The clause in question stated that 50 percent of business expenditures on the sale of goods exceeding Rs200,000 on a single invoice would be disallowed for tax purposes. Reports revealed that this disallowance was to be enforced if the buyer failed to make the payment through a formal banking channel.
Initially, reports hinted that transactions would be subject to the tax disallowance unless the buyer directly transferred the funds to the seller's account from their own bank account. This implied that cash sales and depositing cash into a seller's account for goods worth over Rs200,000 would result in the 50 percent disallowance rule.
However, the FBR has confirmed that deposits into the seller's bank account will be considered as a valid payment. As such, the disallowance will not be applied to such transactions.
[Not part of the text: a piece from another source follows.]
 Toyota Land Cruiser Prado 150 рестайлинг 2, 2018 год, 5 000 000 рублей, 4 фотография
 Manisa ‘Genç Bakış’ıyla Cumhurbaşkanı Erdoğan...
As per the FBR, this would allow more businesses to transition and integrate into the formal economy, shifting away from cash transactions. The revenue watchdog reportedly acknowledged that cash deposits into the seller’s accounts will continue to remain a legitimate transaction method.
The clarification by the FBR came after mounting pressure from business communities as businesses logged their frustrations against this law via protests in July 2025, as it resulted in an increase in their taxable income. As per recent reports, some members of the business community believed that the FBR was able to meet its revenue target for the first month of fiscal year (FY) 2025-26 at their expense.
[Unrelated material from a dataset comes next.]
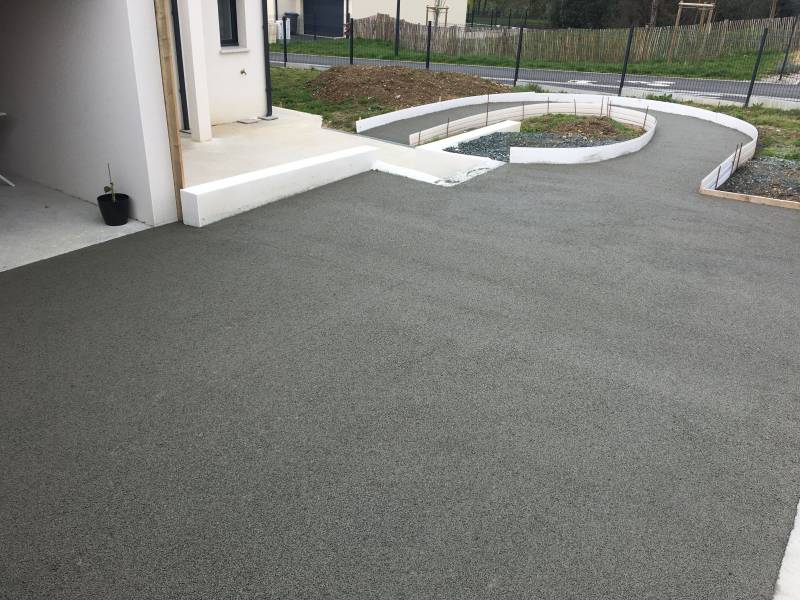 Béton drainant sur parking et allée Vigneux de bretagne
The FRB reportedly surpassed its collection target for July 2025, by collecting Rs755 billion in revenues against the monthly target of Rs748 billion. Reports suggest that this was made possible by an improvement in indirect tax collection.
Data from reports indicates that the collection figure for the first month of FY 2025-26 was Rs96 billion higher compared to the corresponding period last year. This marks almost a 15 percent improvement in YoY revenue collections. If the FBR continues to generate revenues as it did in July 2025, it would help rubbish claims that the FBR met its revenue target because of the tax disallowance clause in the income tax ordinance.